(Scraped caption text data)
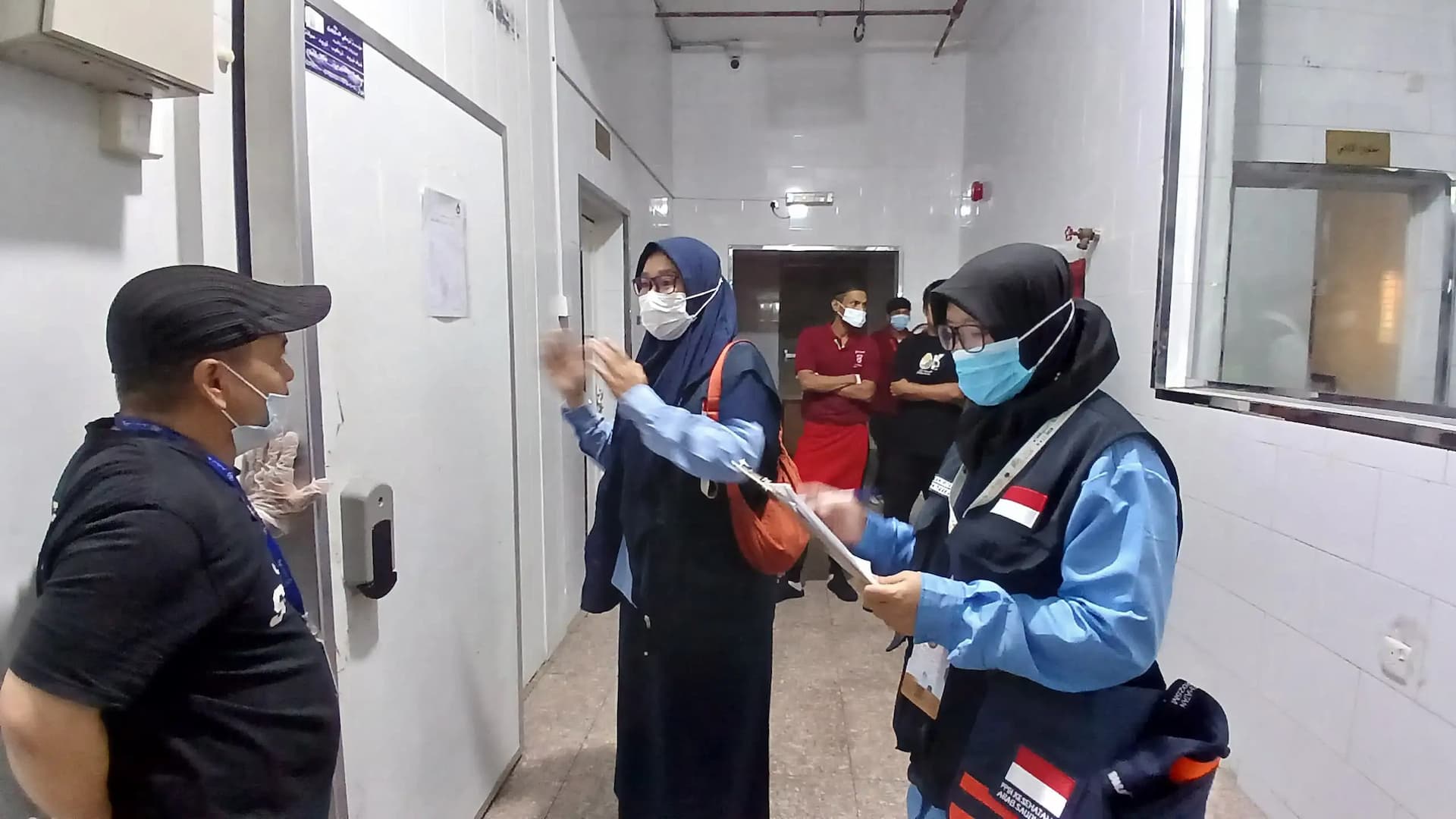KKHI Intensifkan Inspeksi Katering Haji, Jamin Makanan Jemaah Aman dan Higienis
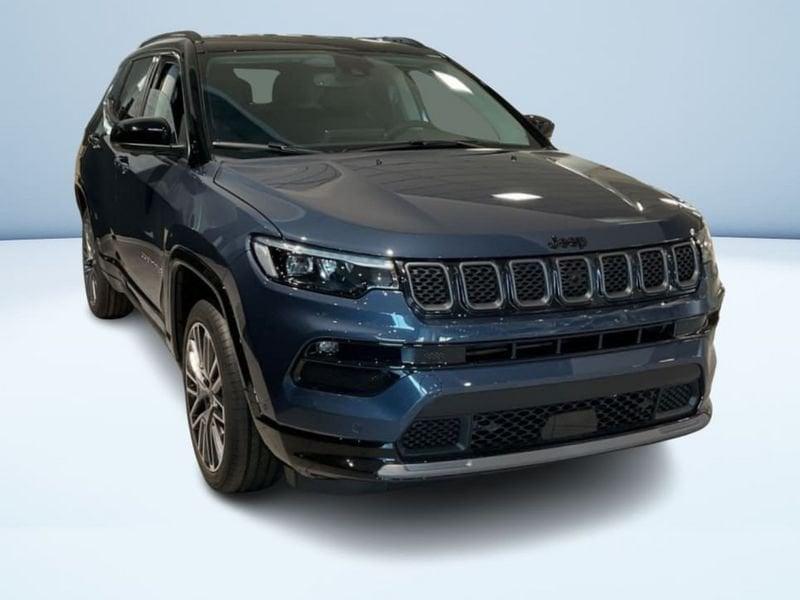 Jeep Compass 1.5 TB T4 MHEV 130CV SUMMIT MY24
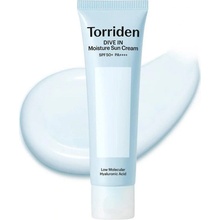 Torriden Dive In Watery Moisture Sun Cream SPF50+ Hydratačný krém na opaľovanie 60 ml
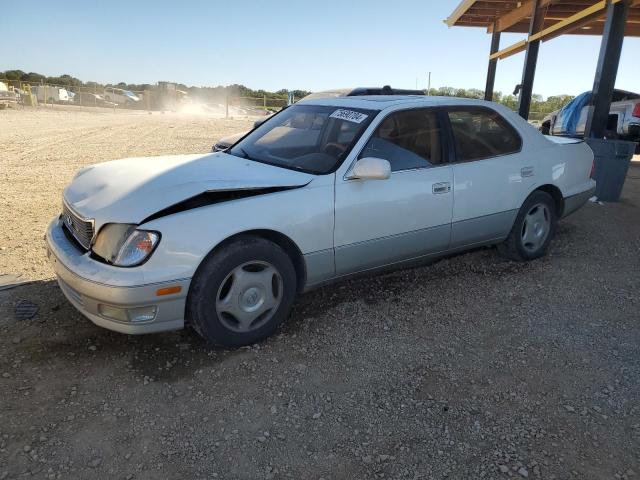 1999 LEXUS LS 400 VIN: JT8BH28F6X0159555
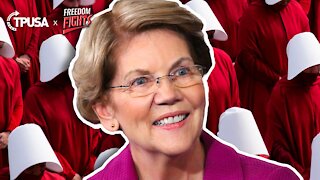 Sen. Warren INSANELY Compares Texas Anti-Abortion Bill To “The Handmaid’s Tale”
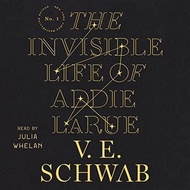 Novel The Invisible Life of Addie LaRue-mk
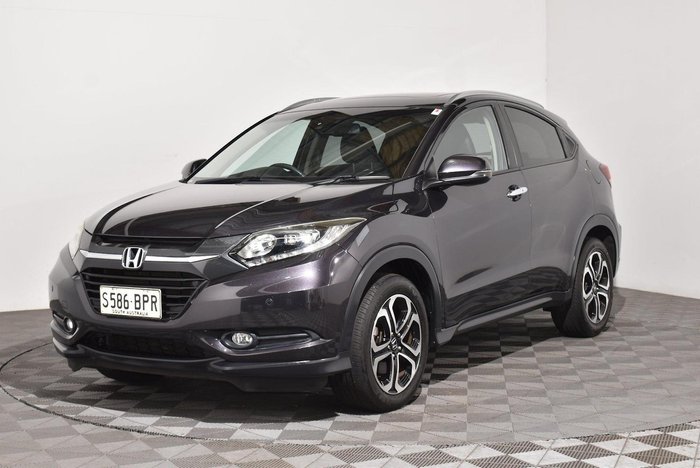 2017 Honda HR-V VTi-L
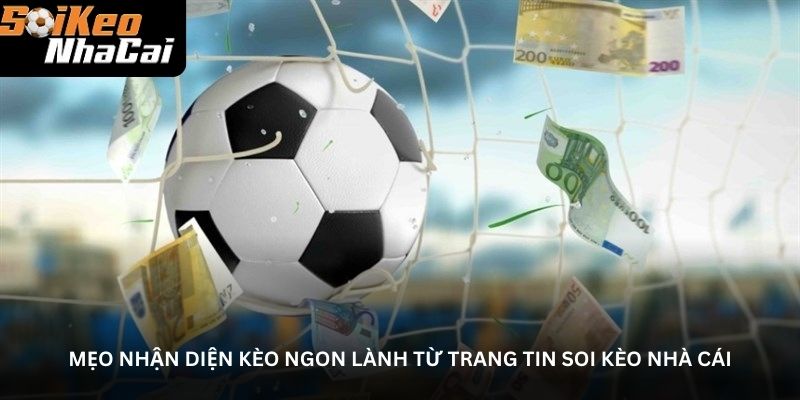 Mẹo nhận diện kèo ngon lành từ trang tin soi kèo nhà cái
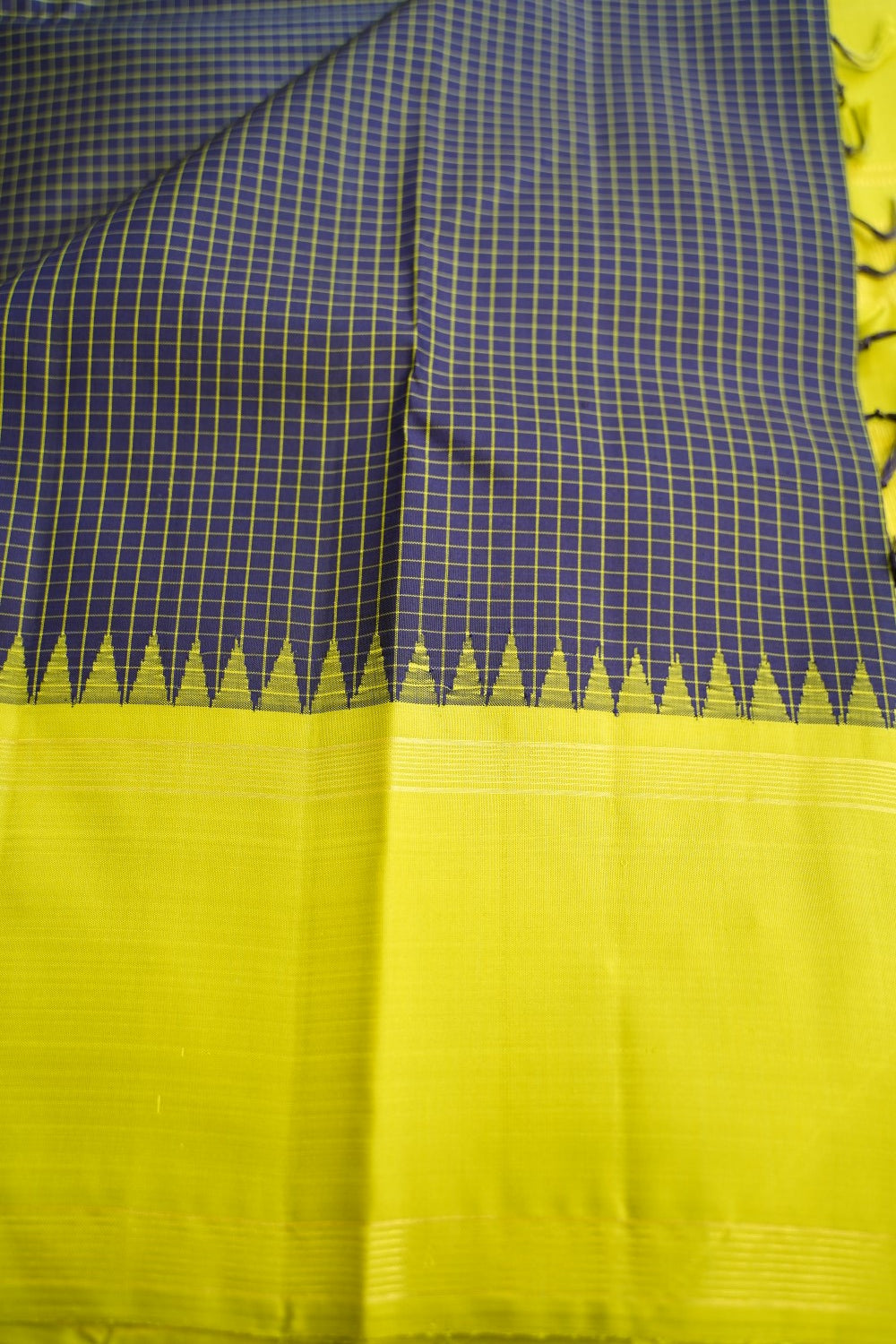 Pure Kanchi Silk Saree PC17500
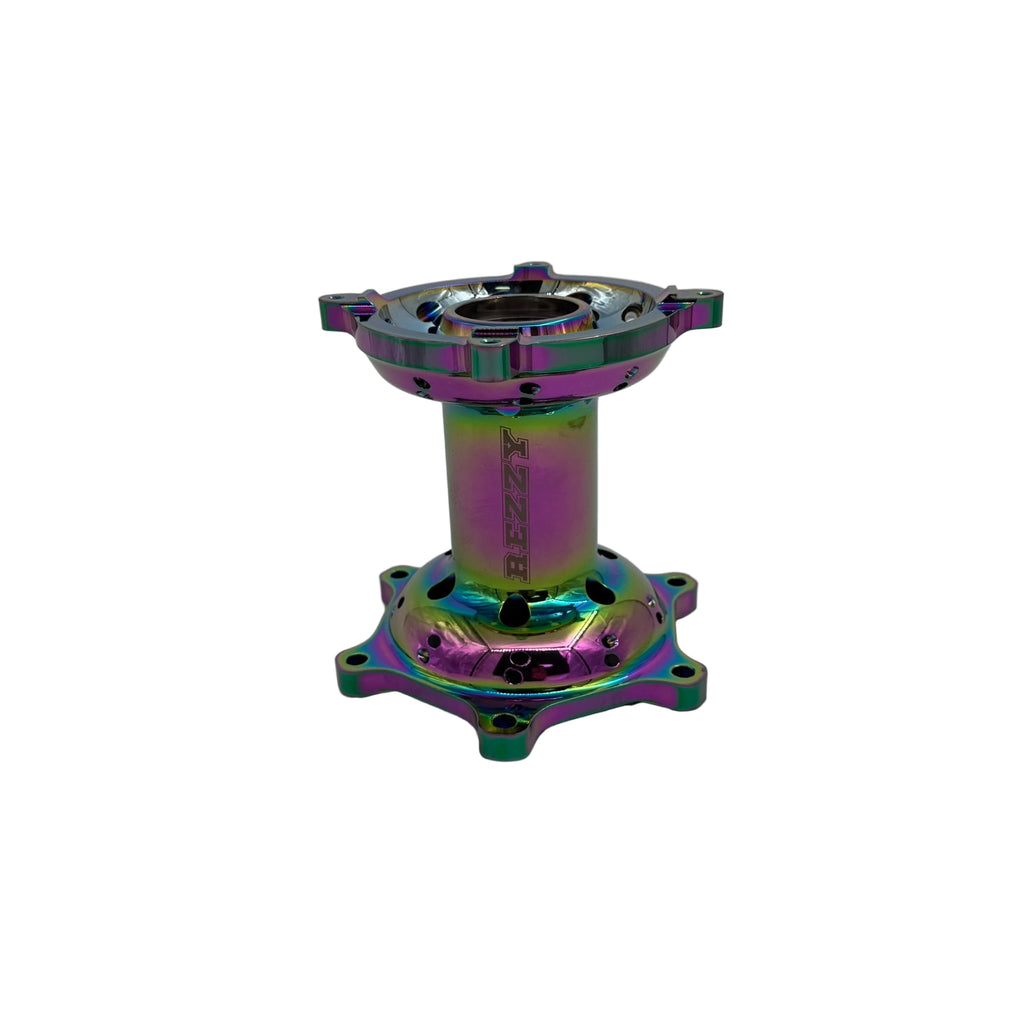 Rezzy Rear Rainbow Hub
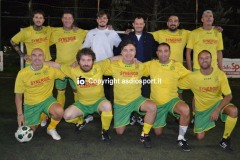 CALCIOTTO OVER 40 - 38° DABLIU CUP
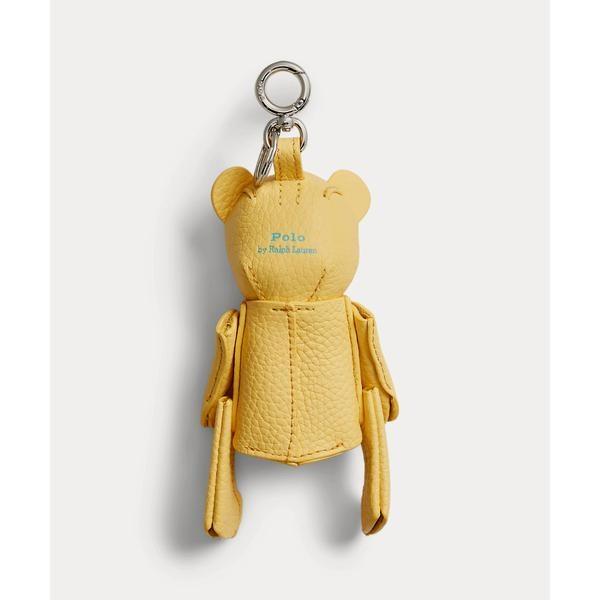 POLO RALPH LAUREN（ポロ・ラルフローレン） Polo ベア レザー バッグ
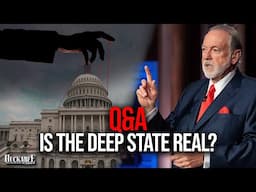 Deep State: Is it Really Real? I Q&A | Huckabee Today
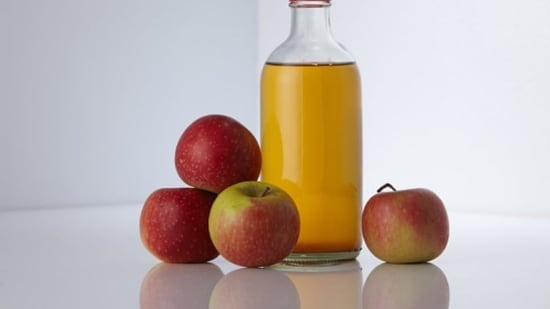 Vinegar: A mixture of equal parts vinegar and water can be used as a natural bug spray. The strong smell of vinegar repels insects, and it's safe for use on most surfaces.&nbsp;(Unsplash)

→ **Your objective**
Nothing but an exact copy of the data, without its images, should make up your answer.

→ **Task output**
KKHI Intensifkan Inspeksi Katering Haji, Jamin Makanan Jemaah Aman dan Higienis
 Jeep Compass 1.5 TB T4 MHEV 130CV SUMMIT MY24
 Torriden Dive In Watery Moisture Sun Cream SPF50+ Hydratačný krém na opaľovanie 60 ml
 1999 LEXUS LS 400 VIN: JT8BH28F6X0159555
 Sen. Warren INSANELY Compares Texas Anti-Abortion Bill To “The Handmaid’s Tale”
 Novel The Invisible Life of Addie LaRue-mk
 2017 Honda HR-V VTi-L
 Mẹo nhận diện kèo ngon lành từ trang tin soi kèo nhà cái
 Pure Kanchi Silk Saree PC17500
 Rezzy Rear Rainbow Hub
 CALCIOTTO OVER 40 - 38° DABLIU CUP
 POLO RALPH LAUREN（ポロ・ラルフローレン） Polo ベア レザー バッグ
 Deep State: Is it Really Real? I Q&A | Huckabee Today
 Vinegar: A mixture of equal parts vinegar and water can be used as a natural bug spray. The strong smell of vinegar repels insects, and it's safe for use on most surfaces.&nbsp;(Unsplash)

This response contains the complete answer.